- [EXERCISE INSTRUCTIONS] Would you please print exactly the lines that run from the one with "Megafoon 35 Watt" to the last line of the data, both included, without any pictures?

(Beginning of GIVEN INFORMATION)

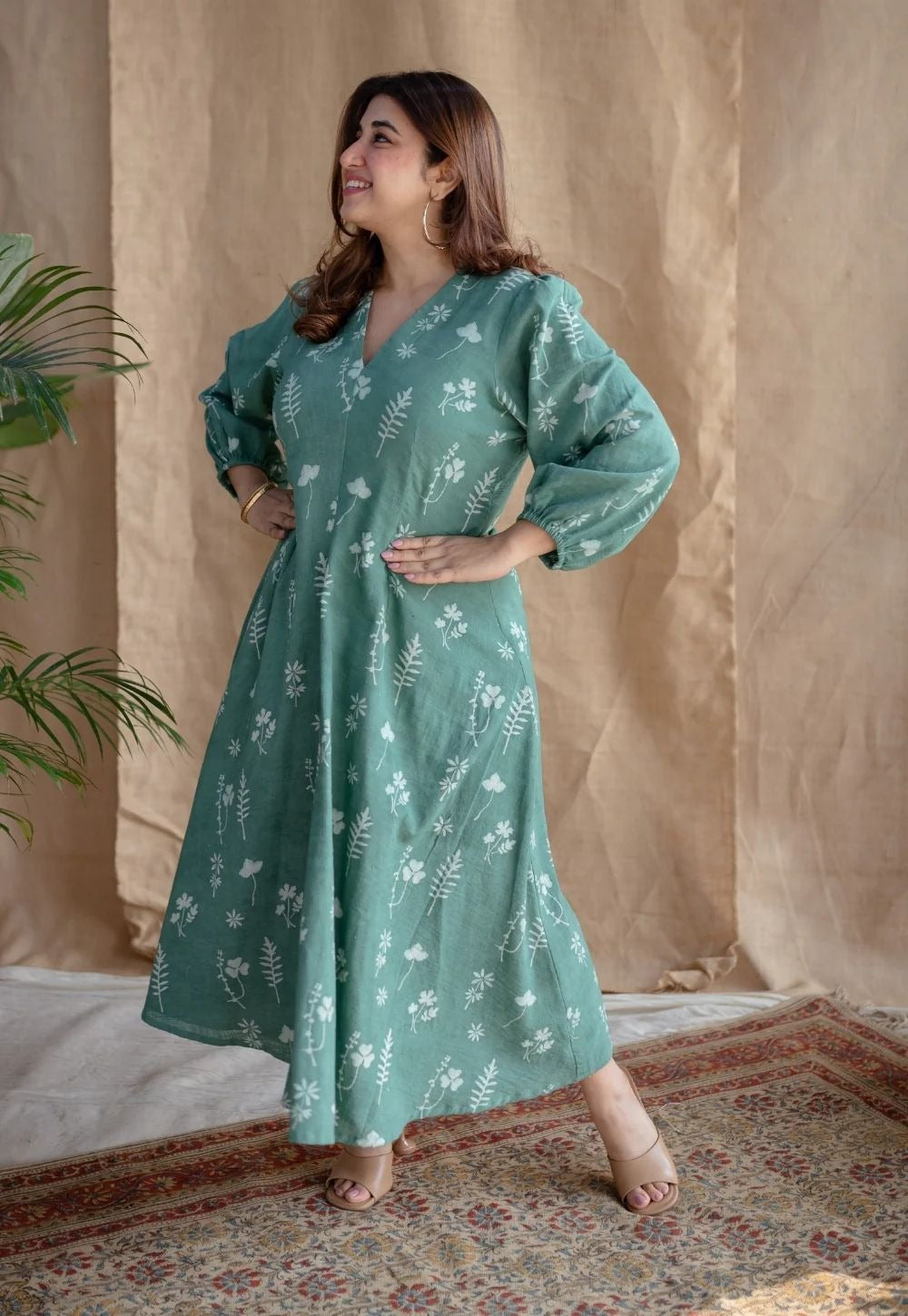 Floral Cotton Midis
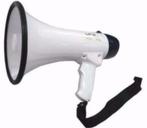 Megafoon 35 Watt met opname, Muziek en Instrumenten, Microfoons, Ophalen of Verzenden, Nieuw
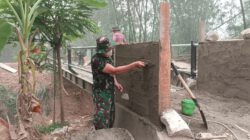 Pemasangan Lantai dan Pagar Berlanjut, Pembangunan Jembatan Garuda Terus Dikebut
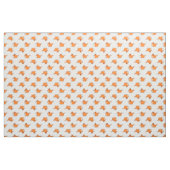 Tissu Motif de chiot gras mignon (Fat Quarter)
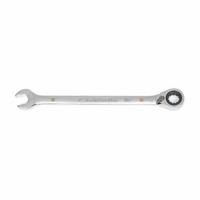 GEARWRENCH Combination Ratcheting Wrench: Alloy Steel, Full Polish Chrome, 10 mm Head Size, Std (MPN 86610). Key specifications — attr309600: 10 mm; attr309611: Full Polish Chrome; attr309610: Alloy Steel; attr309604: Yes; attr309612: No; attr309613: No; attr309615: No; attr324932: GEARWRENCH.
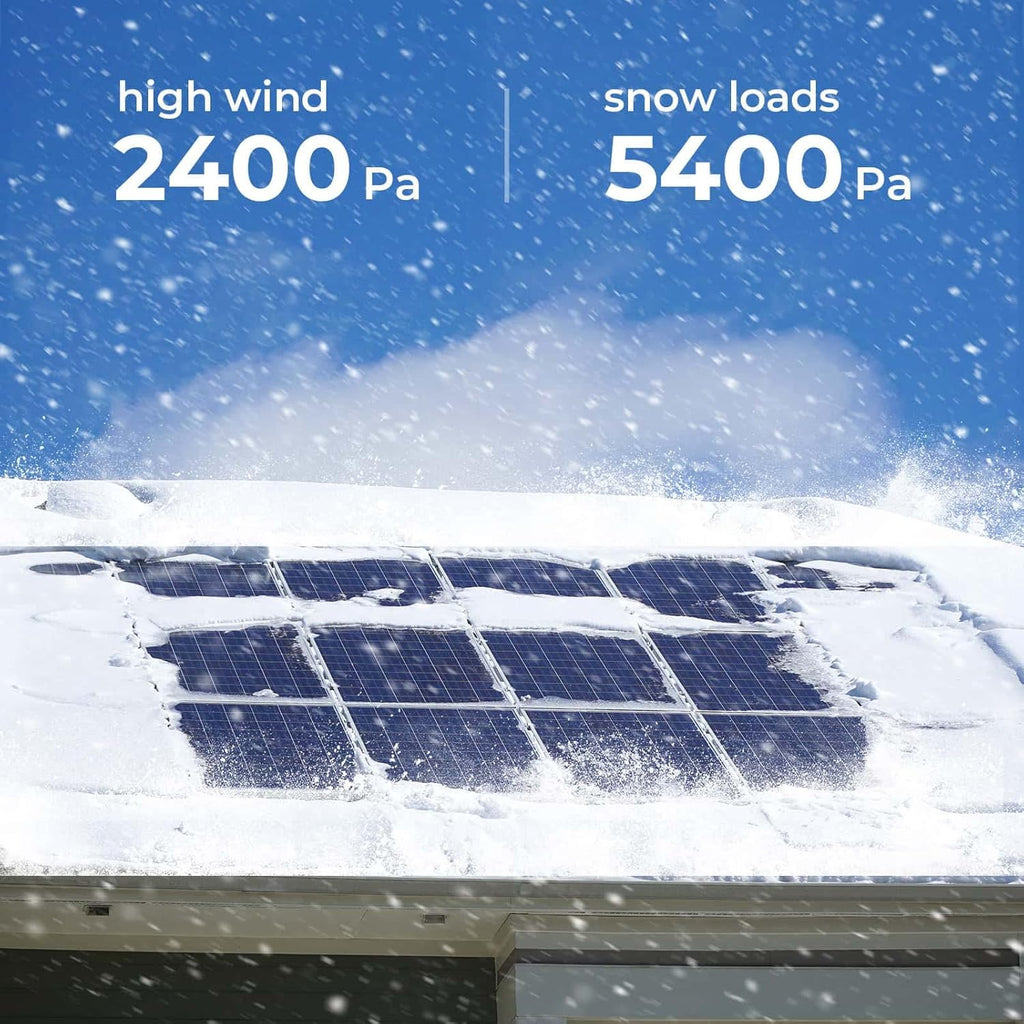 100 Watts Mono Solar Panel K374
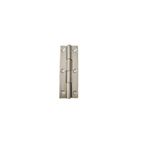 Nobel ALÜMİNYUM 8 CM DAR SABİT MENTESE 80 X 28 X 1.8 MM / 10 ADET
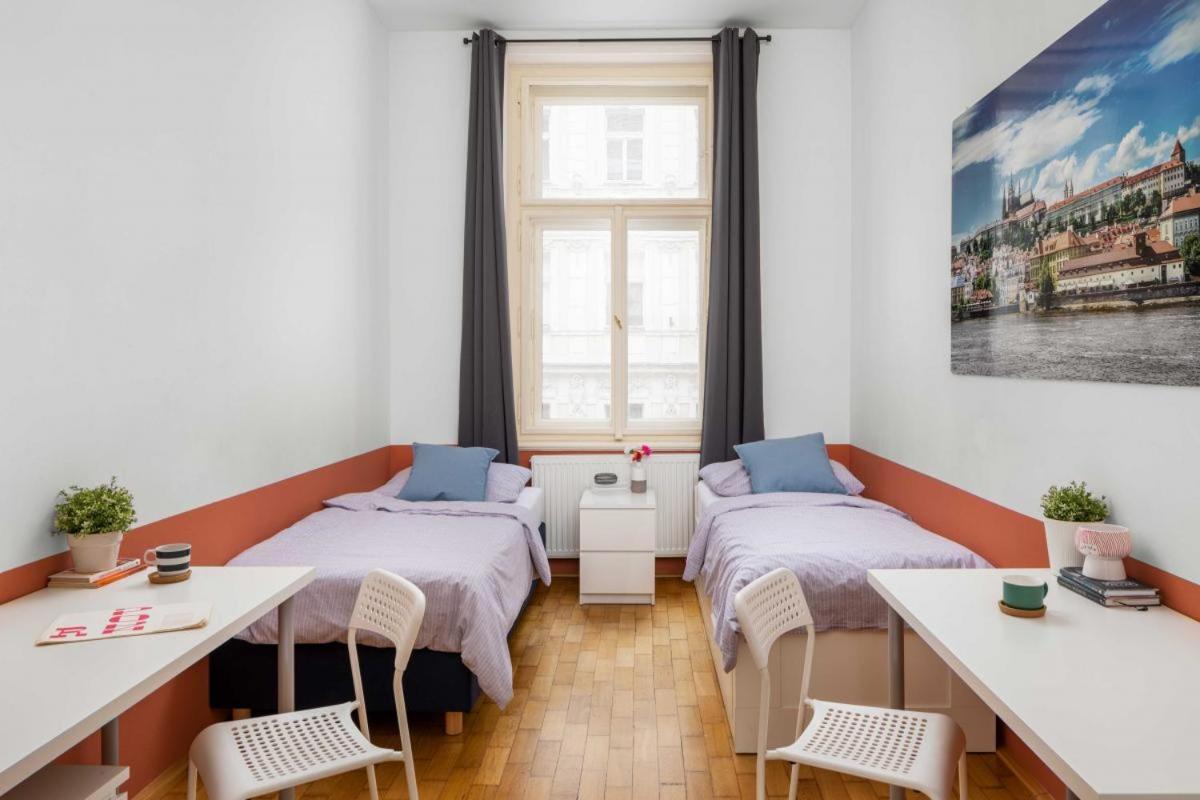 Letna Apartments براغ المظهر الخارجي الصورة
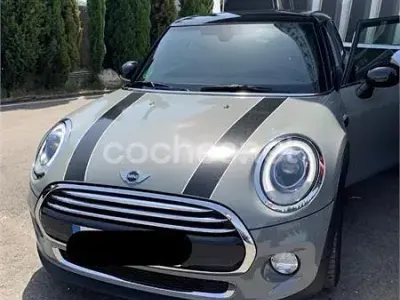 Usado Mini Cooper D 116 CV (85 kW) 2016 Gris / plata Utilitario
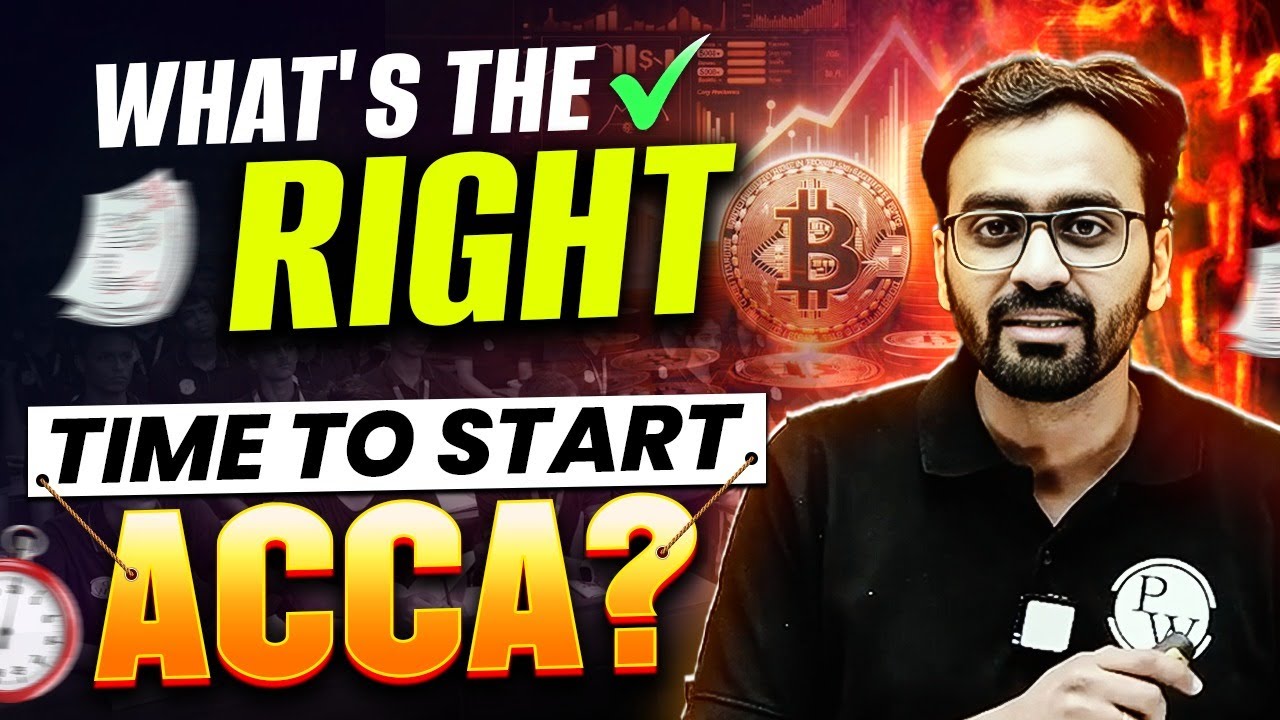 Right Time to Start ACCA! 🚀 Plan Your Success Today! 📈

(End of GIVEN INFORMATION)

- [ANSWER FOR THIS EXERCISE]
 Megafoon 35 Watt met opname, Muziek en Instrumenten, Microfoons, Ophalen of Verzenden, Nieuw
 Pemasangan Lantai dan Pagar Berlanjut, Pembangunan Jembatan Garuda Terus Dikebut
 Tissu Motif de chiot gras mignon (Fat Quarter)
 GEARWRENCH Combination Ratcheting Wrench: Alloy Steel, Full Polish Chrome, 10 mm Head Size, Std (MPN 86610). Key specifications — attr309600: 10 mm; attr309611: Full Polish Chrome; attr309610: Alloy Steel; attr309604: Yes; attr309612: No; attr309613: No; attr309615: No; attr324932: GEARWRENCH.
 100 Watts Mono Solar Panel K374
 Nobel ALÜMİNYUM 8 CM DAR SABİT MENTESE 80 X 28 X 1.8 MM / 10 ADET
 Letna Apartments براغ المظهر الخارجي الصورة
 Usado Mini Cooper D 116 CV (85 kW) 2016 Gris / plata Utilitario
 Right Time to Start ACCA! 🚀 Plan Your Success Today! 📈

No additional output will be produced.